### Exercise details:
Write out only the lines from the line that holds "So viewers, once" to the end of the listing below, inclusive, with the pictures omitted.

### Provided data:

━━━━━━━━━━

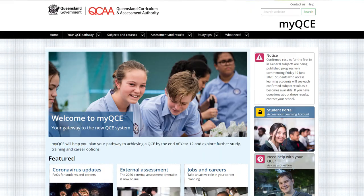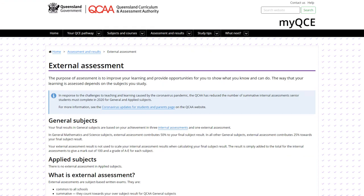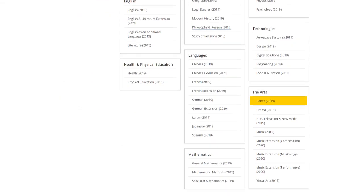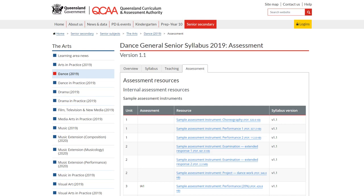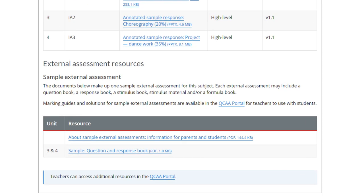In addition to your teacher's help, there are things you can do as well. You can visit the MyQCE website and check out the external assessment page, download the exam timetable, check the syllabus for information about the external assessment, revise your learning from Units 3 and 4, and finally look at the sample assessment papers on the syllabus page.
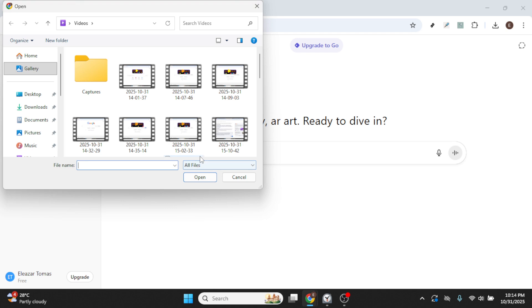This option is your gateway to uploading a variety of media types that ChatGPT 4 supports, including videos. Now comes an important part of the process, choosing the specific file you want to upload.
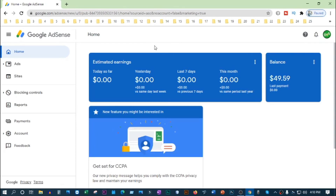So viewers, once you submit, you will actually be verified in Google AdSense. You can see the PIN verification is complete and the payment hold is removed. You can now see the payment option and the bank account payment. Please give a like, comment, and share.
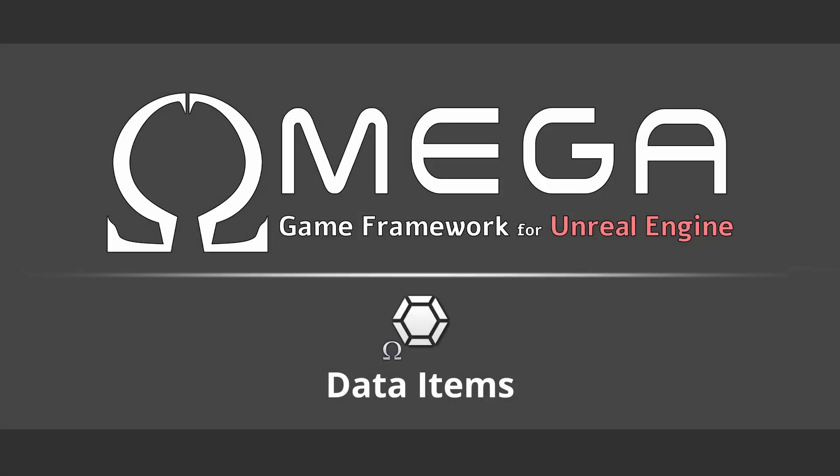Omega Game Framework, a free plugin for Unreal Engine, includes a special type of asset called a Data Item. A Data Item is a data asset with some unique functionality, primarily the ability to implement reusable data-only components called traits.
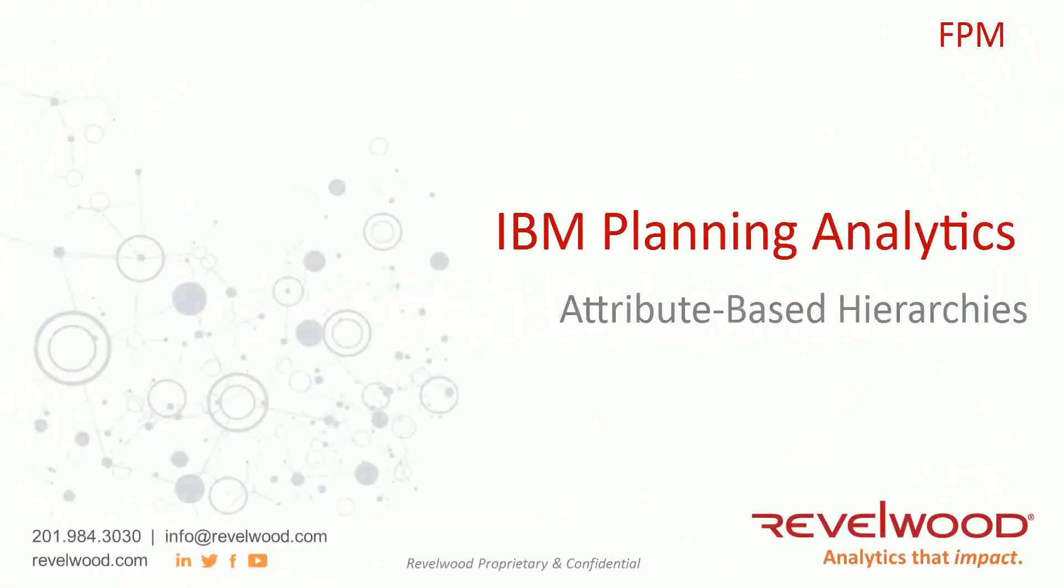Hello, everyone. This is Jay, consultant at Rebelwood. Welcome to the first video in our IBM Planning Analytics series. The topic of this video is attribute-based hierarchies in planning analytics workspace.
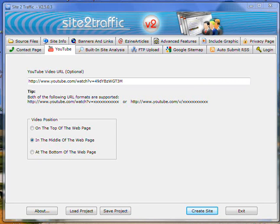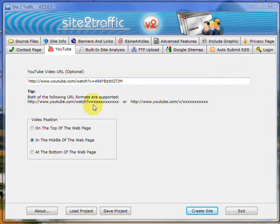Hi there, it's Keith. Just on the YouTube tab, again, YouTube is very, very easy to do. We've actually put in two specific formats that YouTube comes in.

━━━━━━━━━━

### Result:
So viewers, once you submit, you will actually be verified in Google AdSense. You can see the PIN verification is complete and the payment hold is removed. You can now see the payment option and the bank account payment. Please give a like, comment, and share.
Omega Game Framework, a free plugin for Unreal Engine, includes a special type of asset called a Data Item. A Data Item is a data asset with some unique functionality, primarily the ability to implement reusable data-only components called traits.
Hello, everyone. This is Jay, consultant at Rebelwood. Welcome to the first video in our IBM Planning Analytics series. The topic of this video is attribute-based hierarchies in planning analytics workspace.
Hi there, it's Keith. Just on the YouTube tab, again, YouTube is very, very easy to do. We've actually put in two specific formats that YouTube comes in.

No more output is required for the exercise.